HDFS permission and Security
Each client process that accesses HDFS has a two-part identity composed of the user name, and groups list. Whenever HDFS must do a permissions check for a file or directory foo accessed by a client process,
If the user name matches the owner of foo, then the owner permissions are tested;
Else if the group of foo matches any of members of the groups list, then the group permissions are tested. Otherwise the other permissions of foo are tested.If a permissions check fails, the client operation fails.
As of Hadoop 0.22, Hadoop supports two different modes of operation to determine the user’s identity, specified by the hadoop.

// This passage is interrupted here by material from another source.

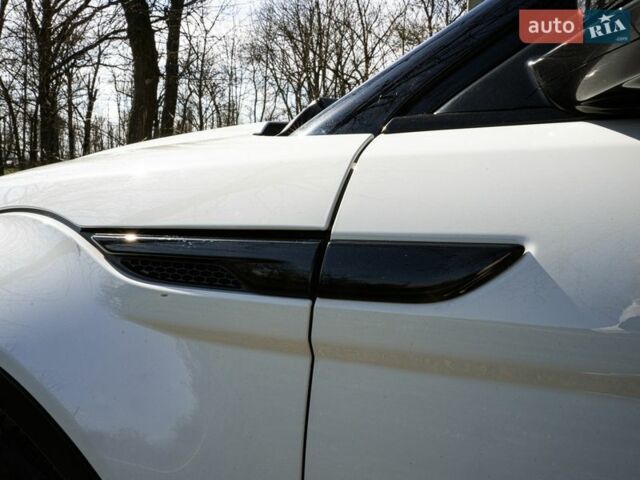 Белый Ленд Ровер Рендж Ровер Эвок, объемом двигателя 2.2 л и пробегом 148 тыс. км за 19000 $, фото 10 на Automoto.ua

Simple: In this mode of operation, the identity of a client process is determined by the host operating system. On Unix-like systems, the user name is the equivalent of `whoami`.
Kerberos: In Kerberized operation, the identity of a client process is determined by its Kerberos credentials. For example, in a Kerberized environment, a user may use the kinit utility to obtain a Kerberos ticket-granting-ticket (TGT) and use klist to determine their current principal. When mapping a Kerberos principal to an HDFS username, all components except for the primary are dropped. For example, a principal todd/foobar@CORP.COMPANY.COM will act as the simple username todd on HDFS.
Regardless of the mode of operation, the user identity mechanism is extrinsic to HDFS itself. There is no provision within HDFS for creating user identities, establishing groups, or processing user credentials.